**Stored data**
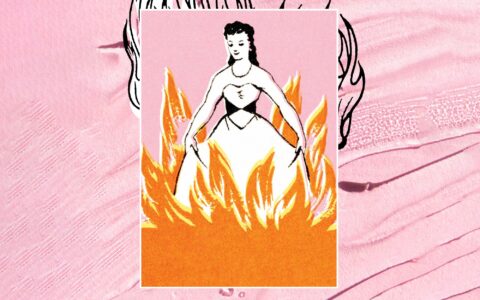 Illustration of girl on fire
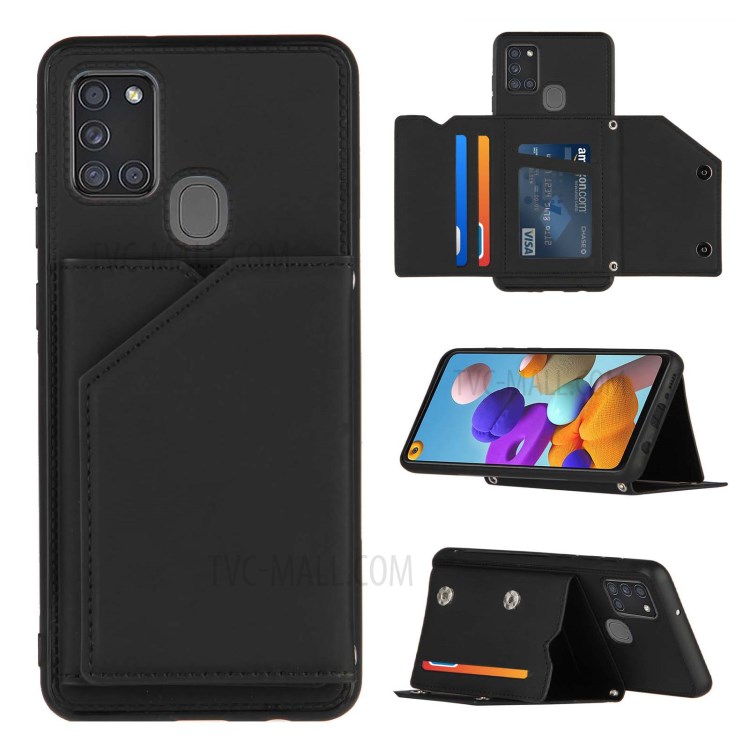 Card Holder Stand Rubberized Leather Skin TPU + PU Leather Phone Shell for Samsung Galaxy A21s - Black-1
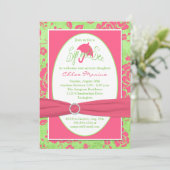 Roze Groen Wit Bloemen Sip en Zie Uitnodiging (Staand voorkant)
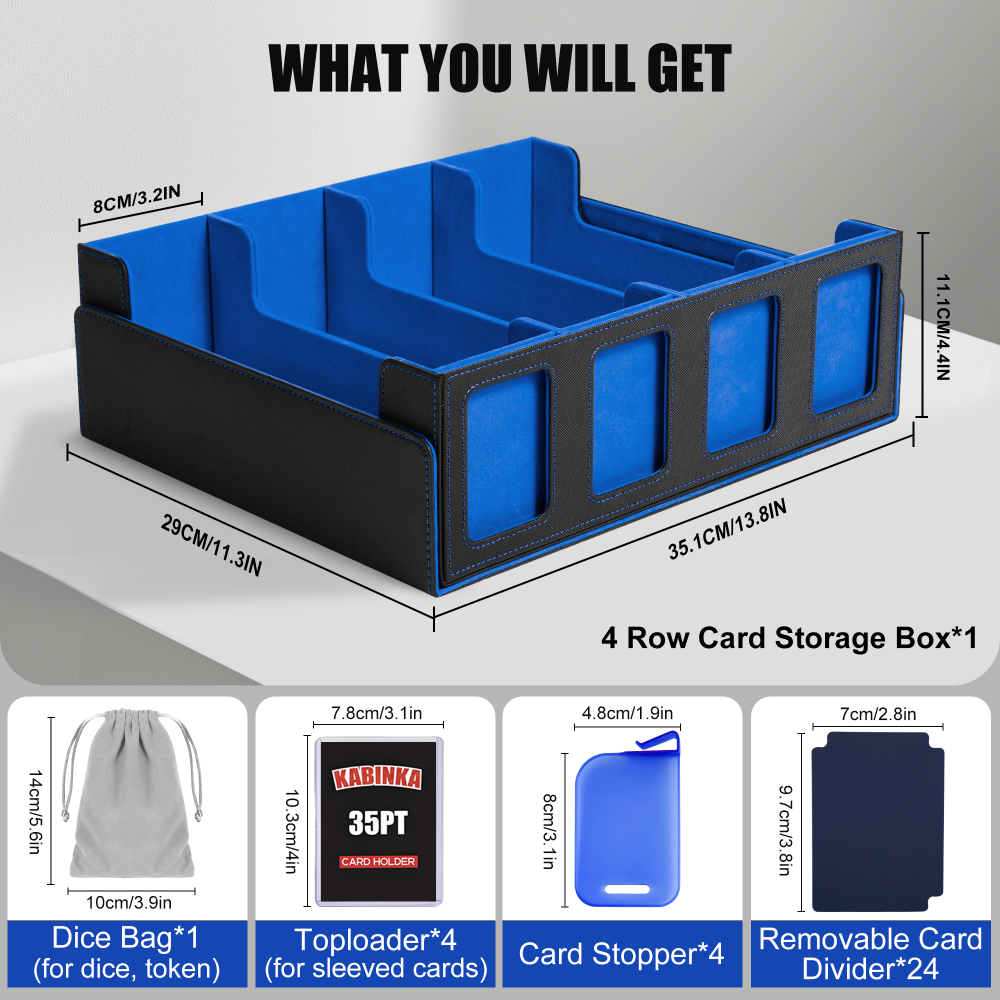 Kabinka Trading Card Storage Box with Commander Display, 4-Row Deck Case with Removable Lid; 2400+ Card Deck Box for MTG TCG Sports Card, 4 Toploaders, 4 Stoppers, 24 Dividers,1 Dice Bag (Black Blue)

**Work instruction**
Whatever lies between the first line of the data and the line holding "Roze Groen Wit", inclusive, should be repeated exactly, apart from the pictures.

**Result for this task**
 Illustration of girl on fire
 Card Holder Stand Rubberized Leather Skin TPU + PU Leather Phone Shell for Samsung Galaxy A21s - Black-1
 Roze Groen Wit Bloemen Sip en Zie Uitnodiging (Staand voorkant)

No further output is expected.